* [Task description]
Wherever "https" occurs in the entries, copy the line that holds it.

= = = = =

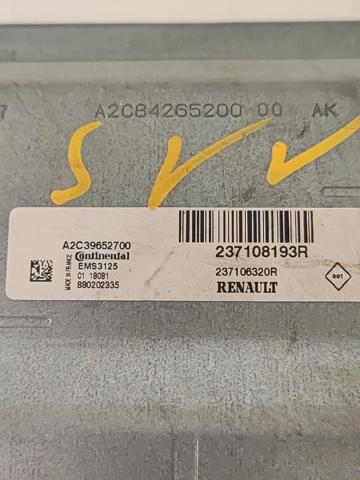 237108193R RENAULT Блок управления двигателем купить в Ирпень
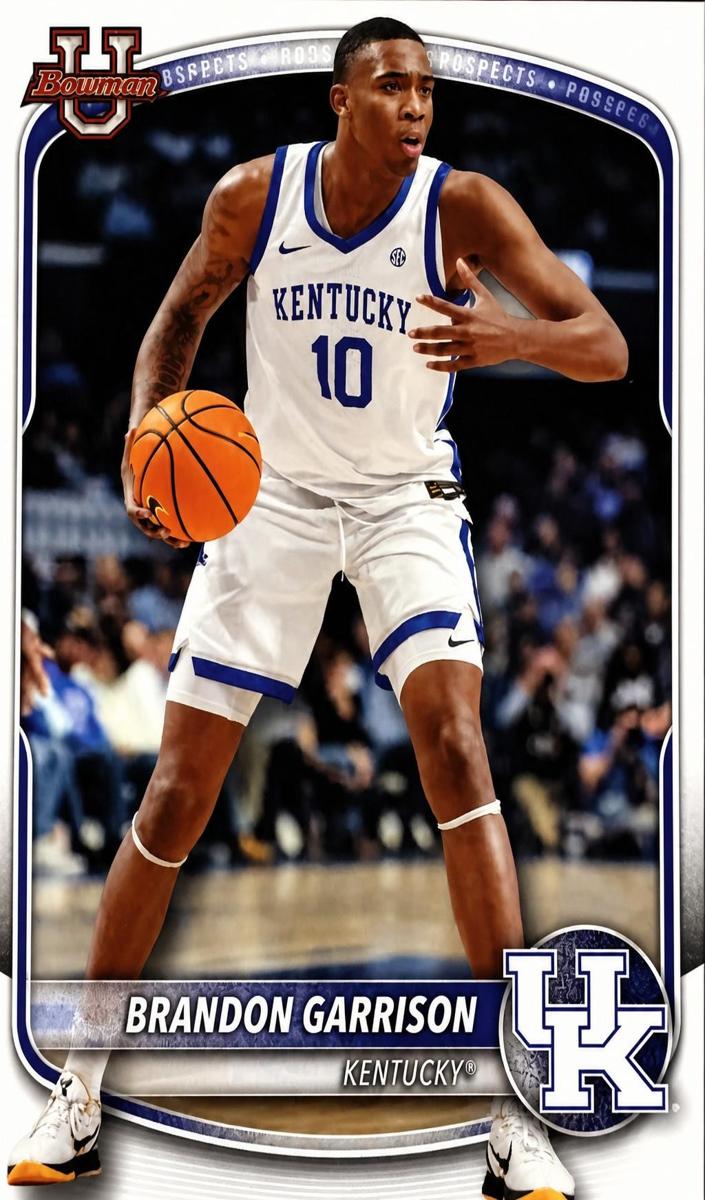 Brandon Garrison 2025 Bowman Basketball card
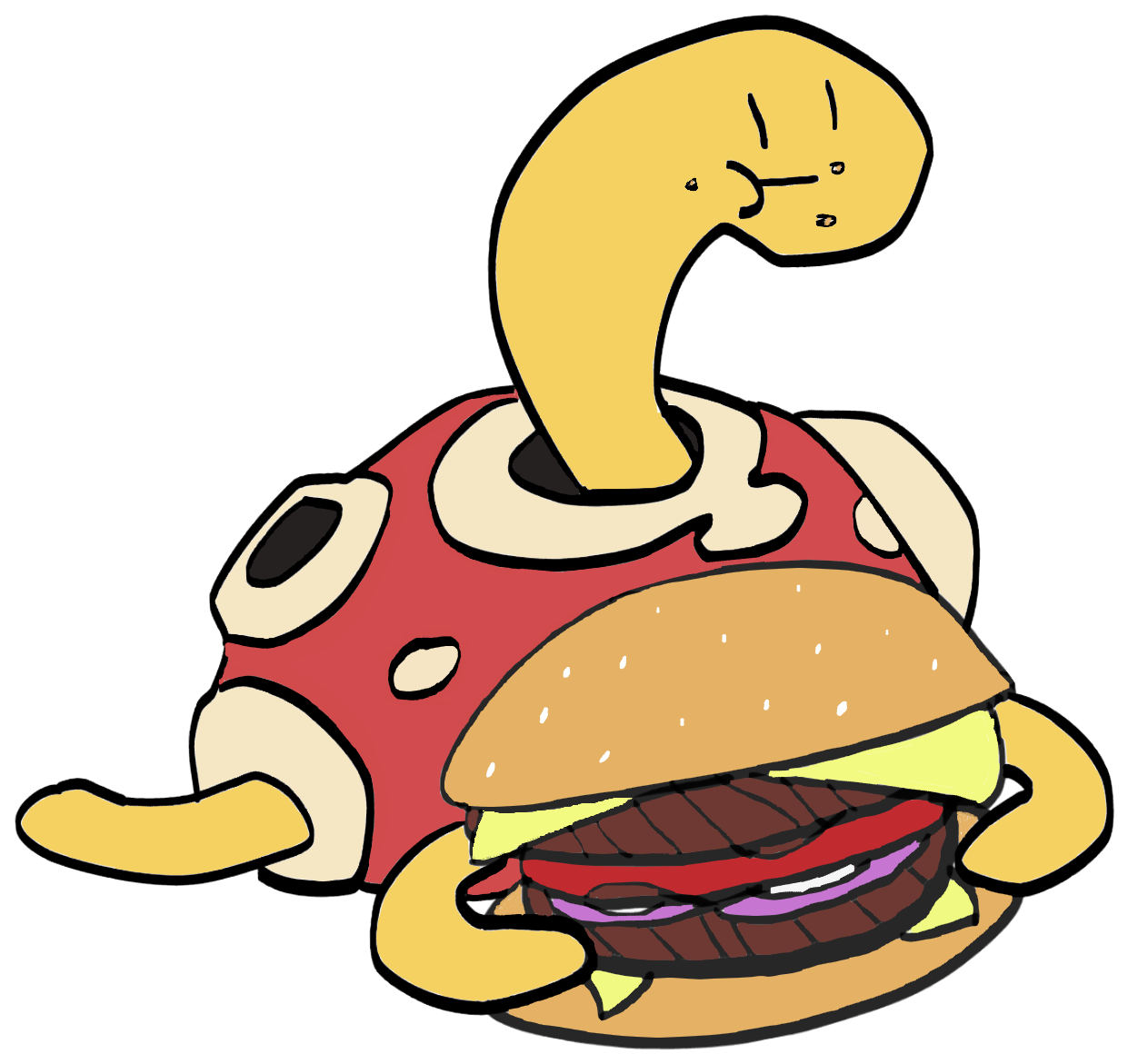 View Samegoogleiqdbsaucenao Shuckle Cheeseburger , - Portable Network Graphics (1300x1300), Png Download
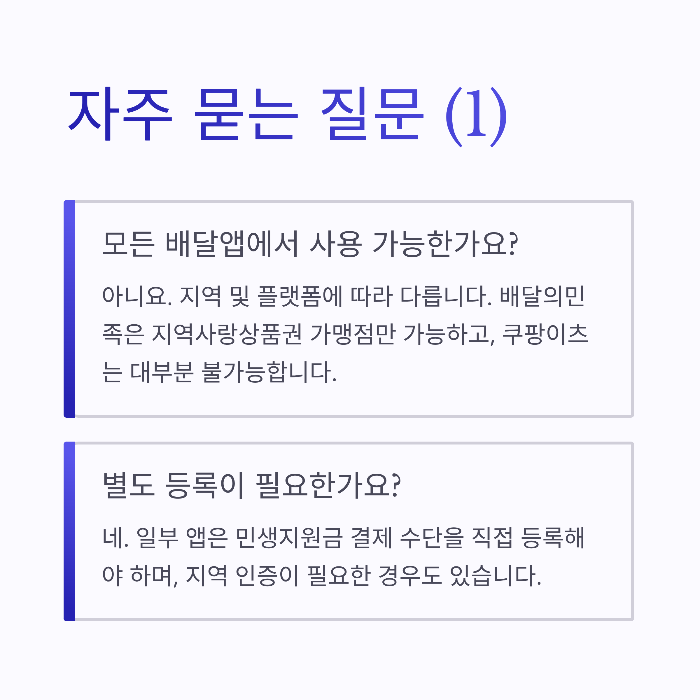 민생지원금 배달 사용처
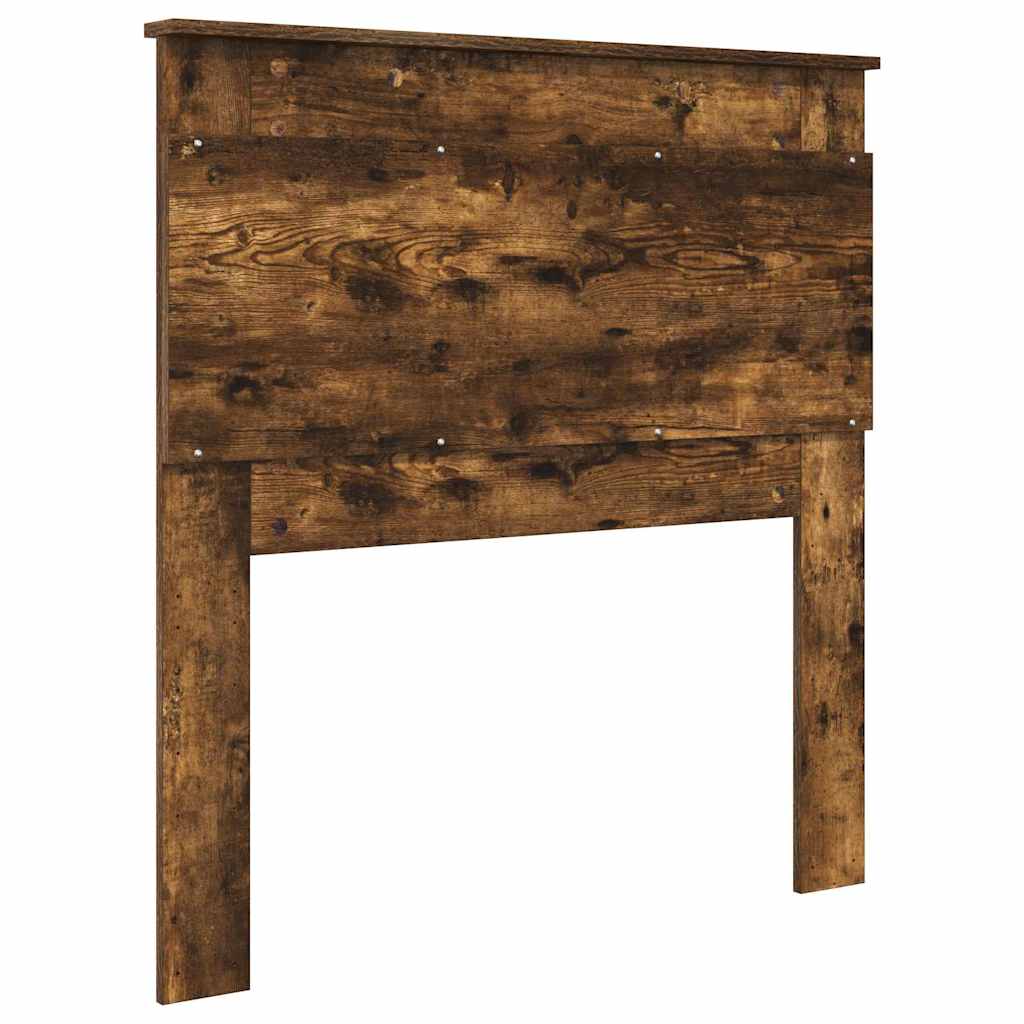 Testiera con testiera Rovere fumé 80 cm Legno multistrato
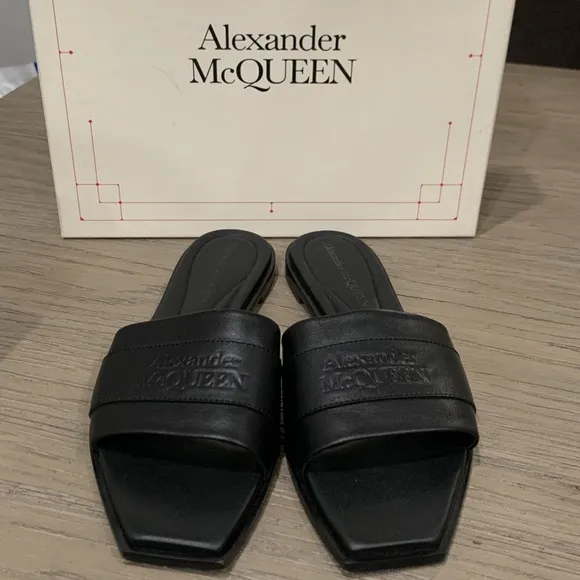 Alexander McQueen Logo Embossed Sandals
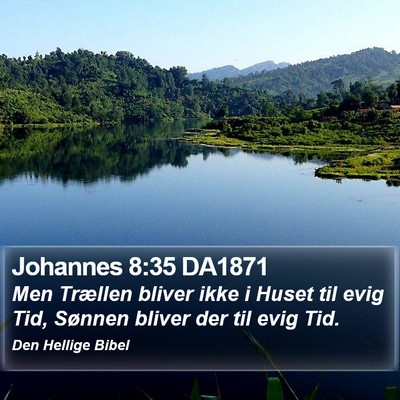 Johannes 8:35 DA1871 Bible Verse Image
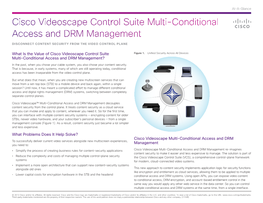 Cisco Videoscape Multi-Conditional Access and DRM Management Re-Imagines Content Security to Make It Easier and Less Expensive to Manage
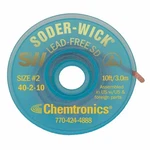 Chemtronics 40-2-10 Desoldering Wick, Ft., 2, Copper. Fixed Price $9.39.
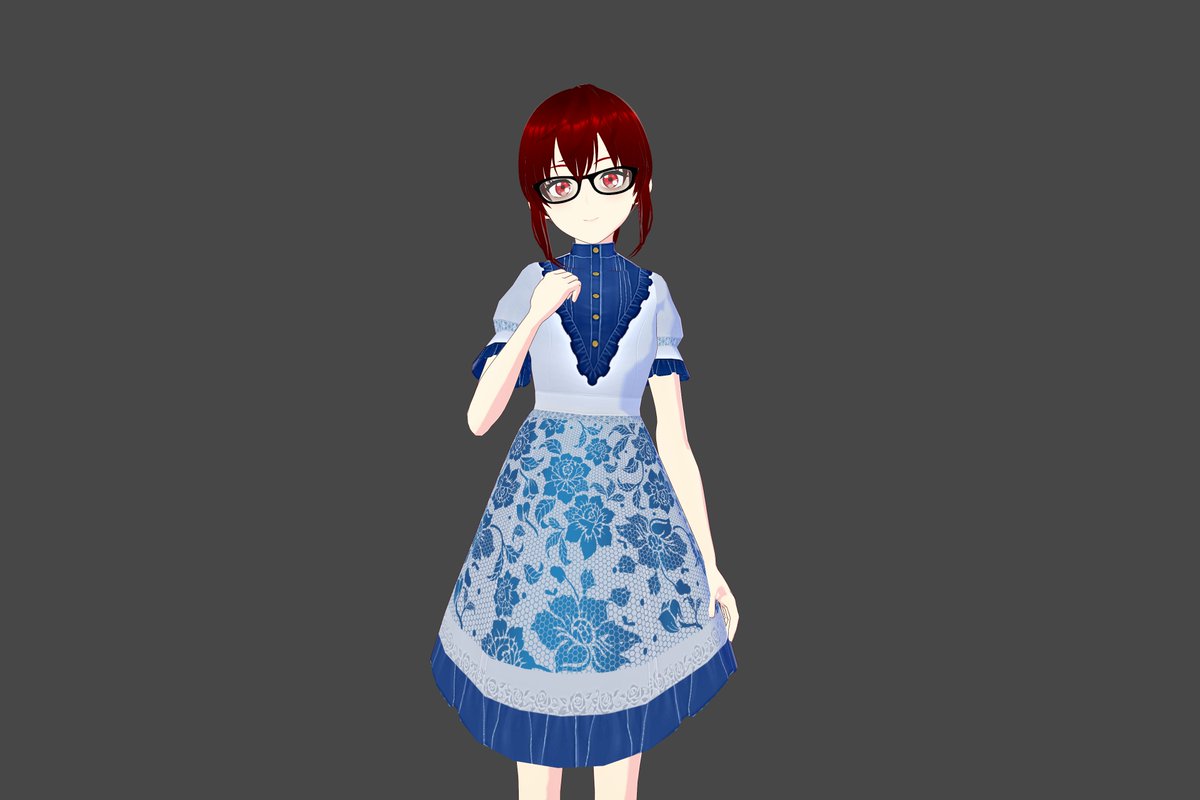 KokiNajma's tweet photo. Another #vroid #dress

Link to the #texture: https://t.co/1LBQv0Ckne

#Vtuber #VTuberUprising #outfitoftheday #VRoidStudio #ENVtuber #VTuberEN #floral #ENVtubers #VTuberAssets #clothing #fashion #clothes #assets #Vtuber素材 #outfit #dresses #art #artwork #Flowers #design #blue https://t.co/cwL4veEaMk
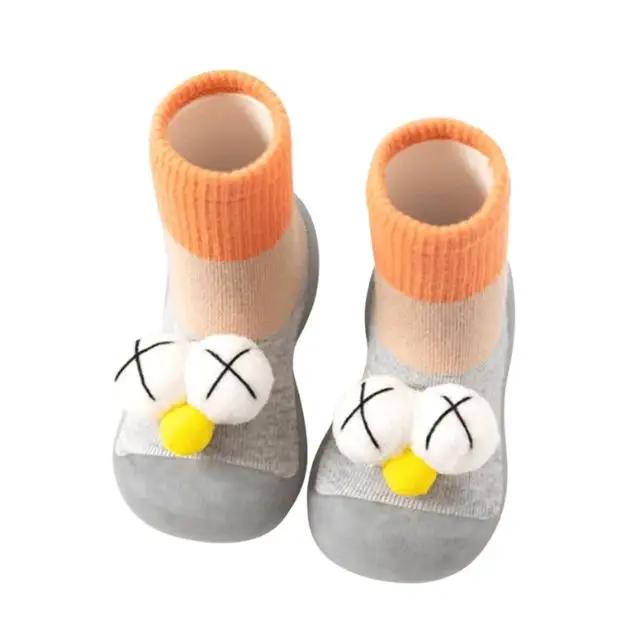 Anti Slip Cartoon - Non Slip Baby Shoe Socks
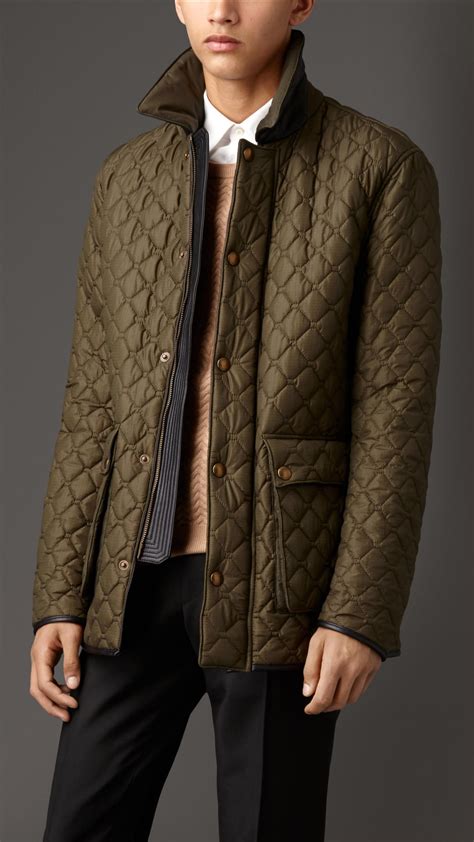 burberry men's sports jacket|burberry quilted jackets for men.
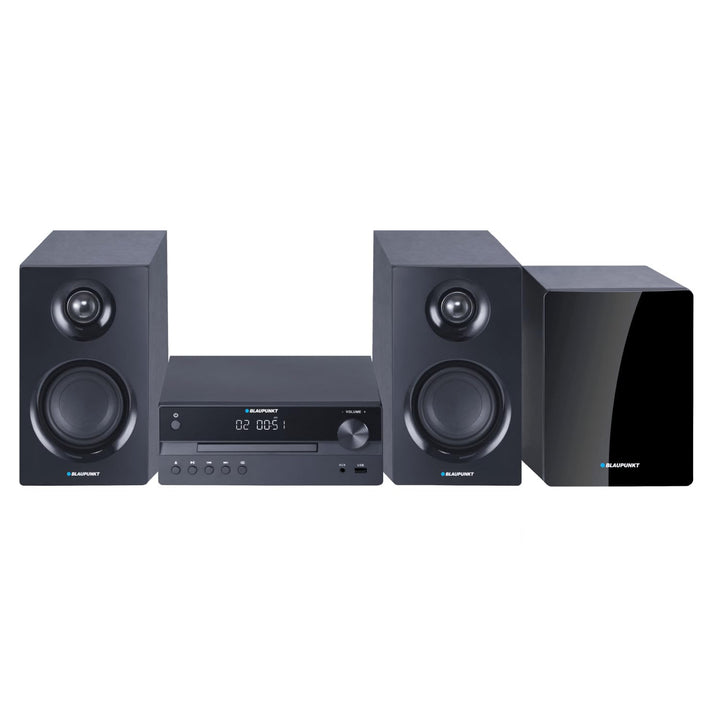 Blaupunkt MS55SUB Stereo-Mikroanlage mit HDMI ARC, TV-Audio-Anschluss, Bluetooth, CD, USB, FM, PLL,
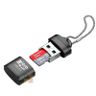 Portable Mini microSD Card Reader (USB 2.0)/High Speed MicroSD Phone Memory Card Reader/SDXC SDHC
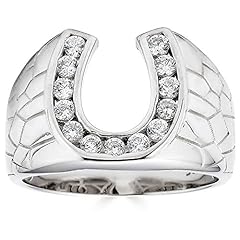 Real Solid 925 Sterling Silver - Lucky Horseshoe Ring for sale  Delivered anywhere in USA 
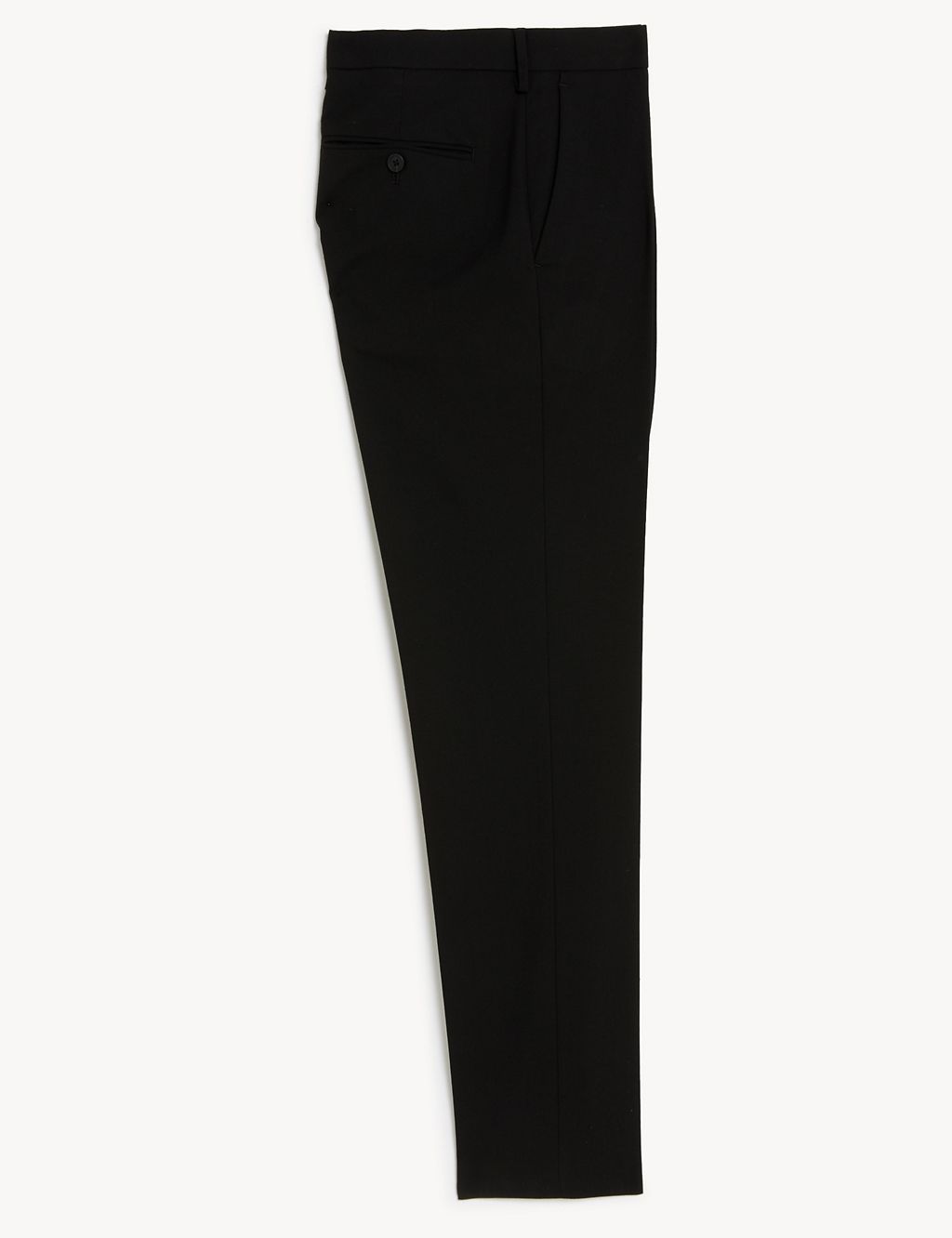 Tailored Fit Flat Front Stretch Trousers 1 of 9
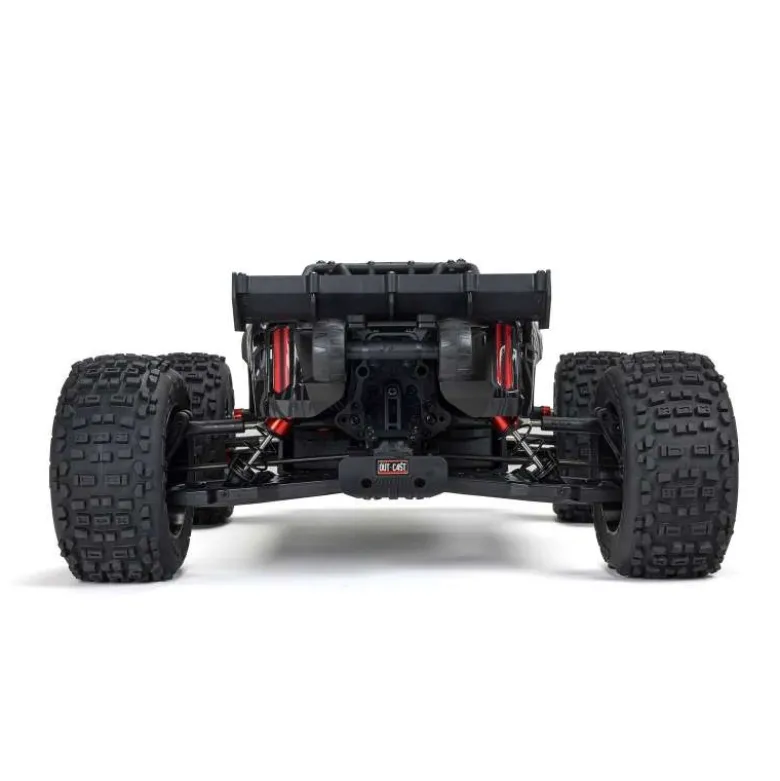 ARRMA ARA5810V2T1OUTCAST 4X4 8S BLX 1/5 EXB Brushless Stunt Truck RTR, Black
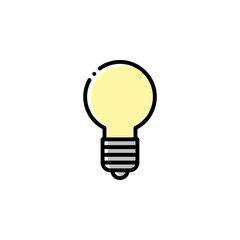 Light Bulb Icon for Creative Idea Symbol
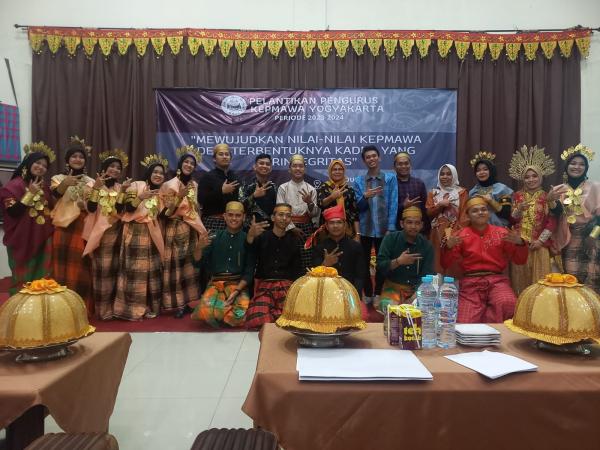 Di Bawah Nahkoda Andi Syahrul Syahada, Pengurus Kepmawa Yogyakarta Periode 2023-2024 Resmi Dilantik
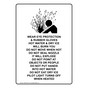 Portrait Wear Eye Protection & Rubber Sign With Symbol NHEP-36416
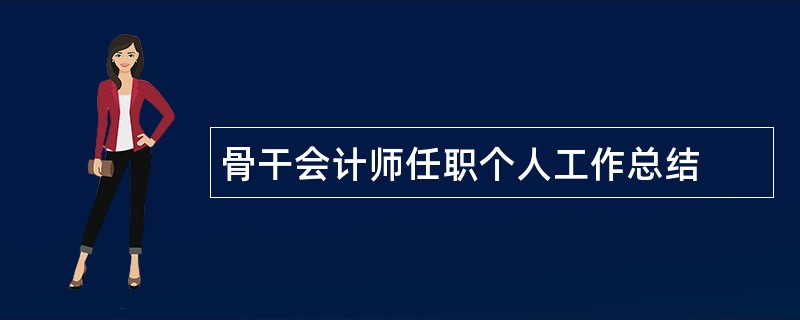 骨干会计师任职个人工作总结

= = = = =

* [Result of this task]
Link to the #texture: https://t.co/1LBQv0Ckne
#Vtuber #VTuberUprising #outfitoftheday #VRoidStudio #ENVtuber #VTuberEN #floral #ENVtubers #VTuberAssets #clothing #fashion #clothes #assets #Vtuber素材 #outfit #dresses #art #artwork #Flowers #design #blue https://t.co/cwL4veEaMk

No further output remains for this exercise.